In a case interpreting the Bankruptcy Code as amended by the Religious Liberty & Charitable Donation Protection Act of 1998 (Pub. L. 105-183), the court said the statutory language was unambiguous in providing that a transfer of a charitable contribution to a qualified religious or charitable entity or organization is not avoidable in any case in which “the amount of that contribution does not exceed 15 percent of the gross annual income of the debtor for the year in which the transfer of the contribution is made”. It accepted the bankruptcy trustee’s logic that “the converse must also be true – if the ‘transfer’ exceeds 15% of GAI, then the ‘transfer’ – meaning the entire transfer – is subject to avoidance.” In re McGough, 737 F.3d 1268 (10th Cir. 2013).
7th Circuit Addresses Constructive Trusts in Bankruptcy
The Seventh Circuit Court of Appeals has issued an instructive decision on handling constructive trust claims in bankruptcy.

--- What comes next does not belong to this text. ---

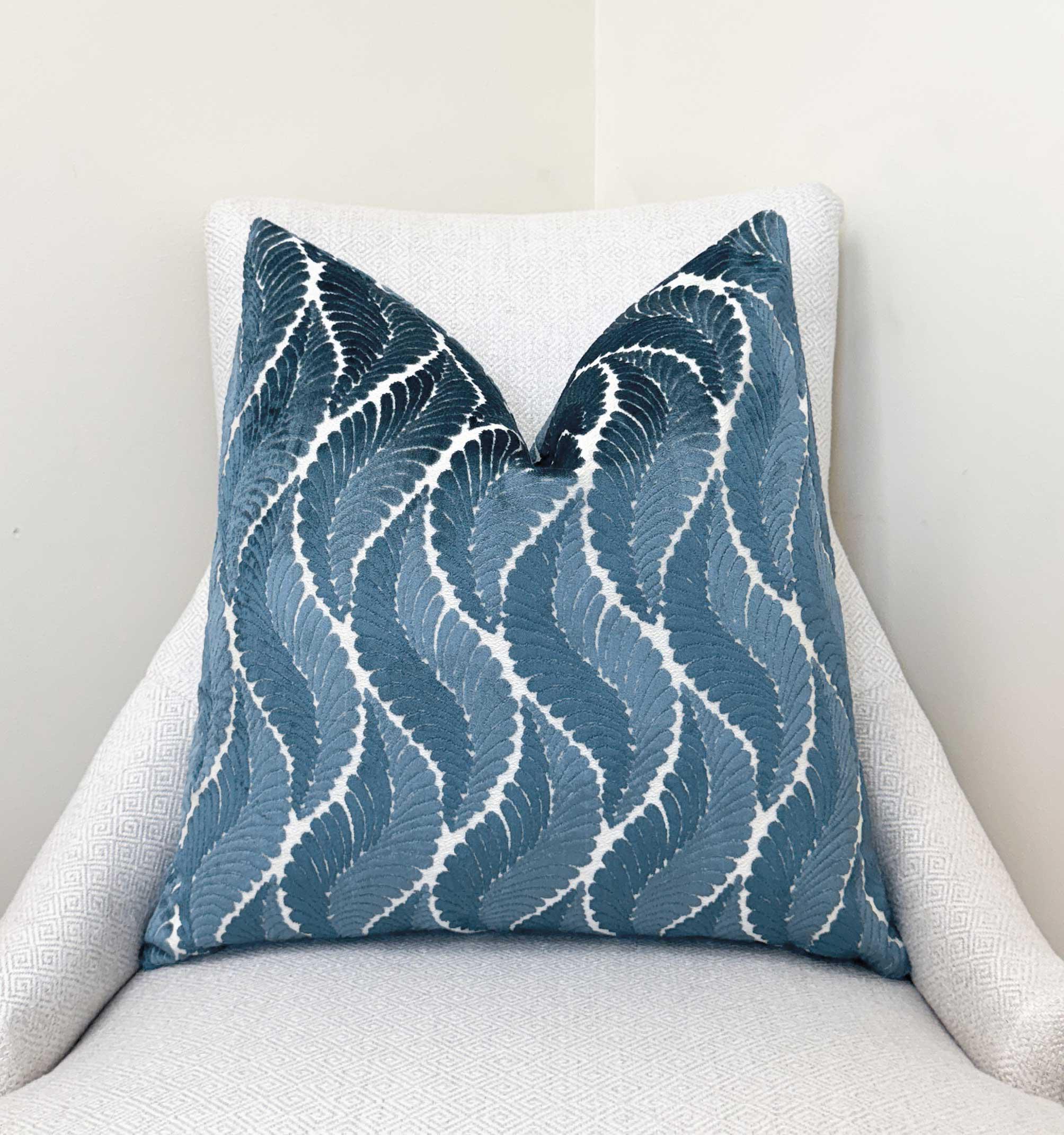 Blue Fern Leaf Velvet Pillow Cover - Image 2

In In re Mississippi Valley Livestock, Inc., __ F.3d __, 2014 WL 949969 (7th Cir. 2014), the putative creditor entrusted his animals to the debtor for resale. Shortly before filing bankruptcy, the debtor paid to the creditor nearly $900,000 representing completed sales. The trustee attempted to recover those funds as preferential transfers. Finding that the parties’ relationship constituted a bailment, the court found that the proceeds were never a part of the estate. Moreover, it said, “When a restitution claim is made against a bankruptcy estate, the key question to ask is whether the estate – not the now-defunct debtor – would be unjustly enriched by keeping the claimant’s property.”